I tried to plot linear regression with 95% confidence interval for the slope and found results are different when comparing both methods.
import numpy as np
from matplotlib import pyplot as plt
import seaborn as sns
import statsmodels.api as sm
from statsmodels.stats.outliers_influence import summary_table
x = np.linspace(0,10)
y = 3*np.random.randn(50) + x
res = sm.OLS(y, x).fit()
st, data, ss2 = summary_table(res, alpha=0.05)
fittedvalues = data[:,2]
predict_mean_se = data[:,3]
predict_mean_ci_low, predict_mean_ci_upp = data[:,4:6].T
predict_ci_low, predict_ci_upp = data[:,6:8].T
plt.figure(1)
plt.subplot(211)
plt.plot(x, y, 'o', label="data")
plt.plot(x, fittedvalues, 'r-', label='OLS')

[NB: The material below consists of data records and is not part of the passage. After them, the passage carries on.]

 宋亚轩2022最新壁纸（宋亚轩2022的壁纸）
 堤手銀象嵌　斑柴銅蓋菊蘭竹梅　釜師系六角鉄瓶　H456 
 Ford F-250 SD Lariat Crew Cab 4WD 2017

plt.plot(x, predict_ci_low, 'b--')
plt.plot(x, predict_ci_upp, 'b--')
plt.plot(x, predict_mean_ci_low, 'g--')
plt.plot(x, predict_mean_ci_upp, 'g--')
plt.legend()
plt.subplot(212)
sns.regplot(x=x, y=y,label="sns")
plt.legend()
plt.show()
By the way, what's the difference between predict_mean_ci_low and predict_ci_low? I can't find the explanation of it in the manual. The part of statsmodels is copied from this question.
Edit:
According to Josef, Warren Weckesser and this post, I need to add a constant to the OLS version.

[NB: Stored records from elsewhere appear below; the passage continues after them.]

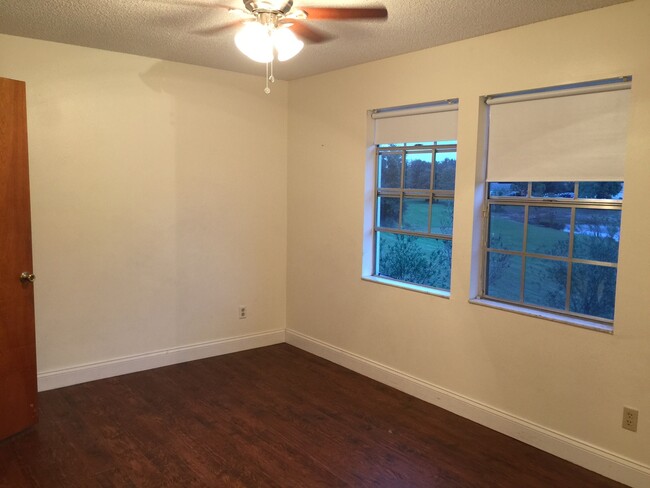 Building Photo - 2/2.5 corner unit Townhouse in Whisper Lake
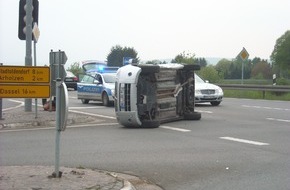 Polizeiinspektion Hameln-Pyrmont/Holzminden: POL-HOL: Auto bei Unfall auf die Seite gelegt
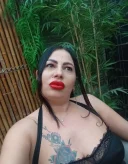 Bruneta sexy - imagine 4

By default, OLS in statsmodels does not include the constant term (i.e. the intercept) in the linear equation. (The constant term corresponds to a column of ones in the design matrix.)
import numpy as np
from matplotlib import pyplot as plt
import seaborn as sns
import statsmodels.api as sm
from statsmodels.stats.outliers_influence import summary_table
x = np.linspace(0,10)
y = 3*np.random.randn(50) + x
X = sm.add_constant(x)
res = sm.OLS(y, X).fit()
st, data, ss2 = summary_table(res, alpha=0.05)
fittedvalues = data[:,2]
predict_mean_se = data[:,3]
predict_mean_ci_low, predict_mean_ci_upp = data[:,4:6].T
predict_ci_low, predict_ci_upp = data[:,6:8].T
plt.figure(1)
plt.subplot(211)
plt.plot(x, y, 'o', label="data")
plt.plot(X, fittedvalues, 'r-', label='OLS')

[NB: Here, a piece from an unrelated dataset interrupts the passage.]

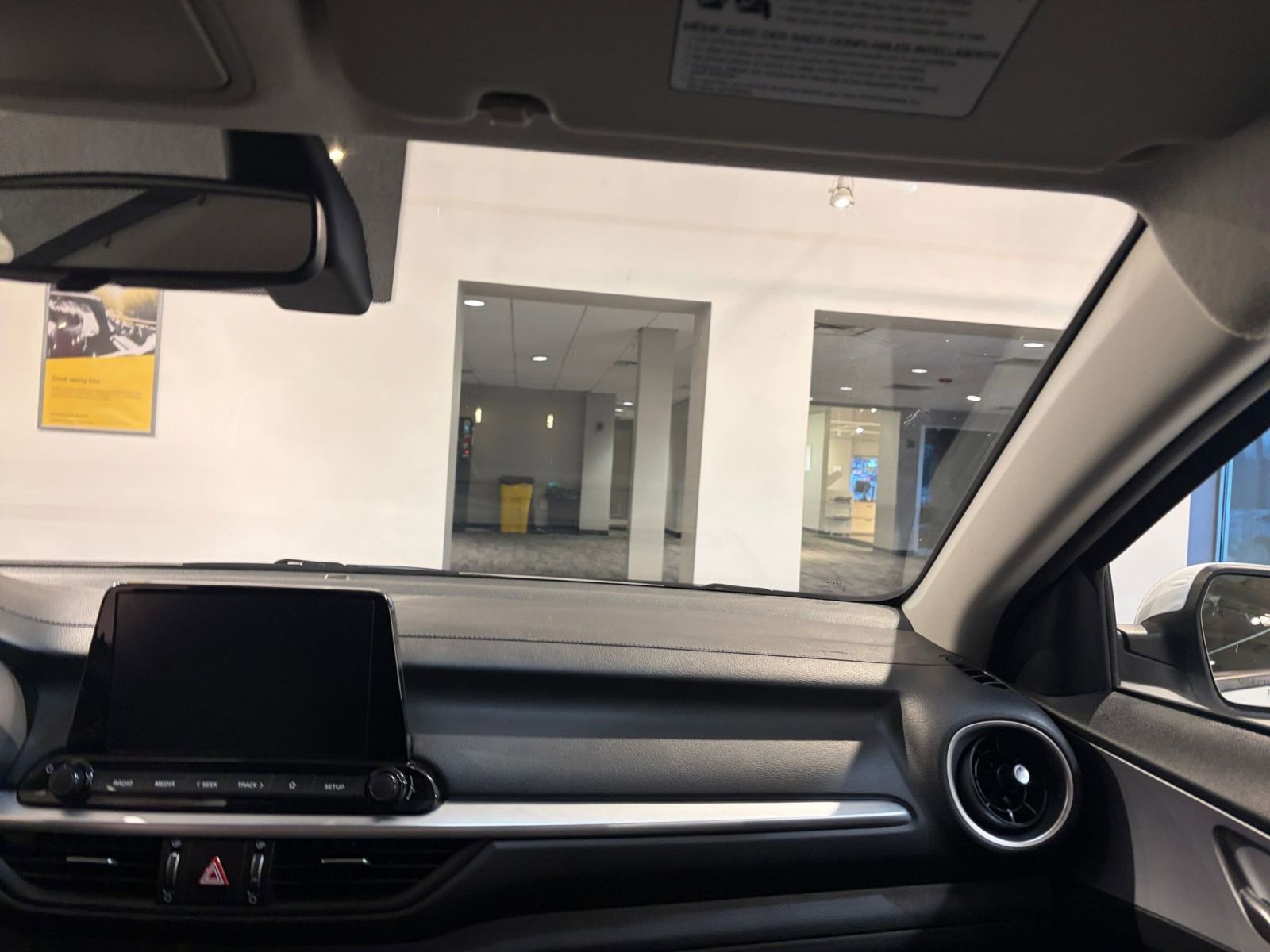 Thumbnail: 2024 Kia Forte - 33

plt.plot(X, predict_ci_low, 'b--')
plt.plot(X, predict_ci_upp, 'b--')
plt.plot(X, predict_mean_ci_low, 'g--')
plt.plot(X, predict_mean_ci_upp, 'g--')
plt.legend()
plt.subplot(212)
sns.regplot(x=x, y=y,label="sns")
plt.legend()
plt.show()
However, the plot looks strange now. Some odd lines and extra legends show up.
Edit2:
Differences between prediction interval and confidence interval, please see this web.
Edit3:
The exog contains all variables I want to include in the model, including a constant (a column of ones). So, we need to use X[:,1] without the column of ones for plot.
ax.plot(X[:,1], fittedvalues, 'r-', label='OLS')
ax.plot(X[:,1], predict_ci_low, 'b--')
ax.plot(X[:,1], predict_ci_upp, 'b--')
ax.plot(X[:,1], predict_mean_ci_low, 'g--')
ax.plot(X[:,1], predict_mean_ci_upp, 'g--')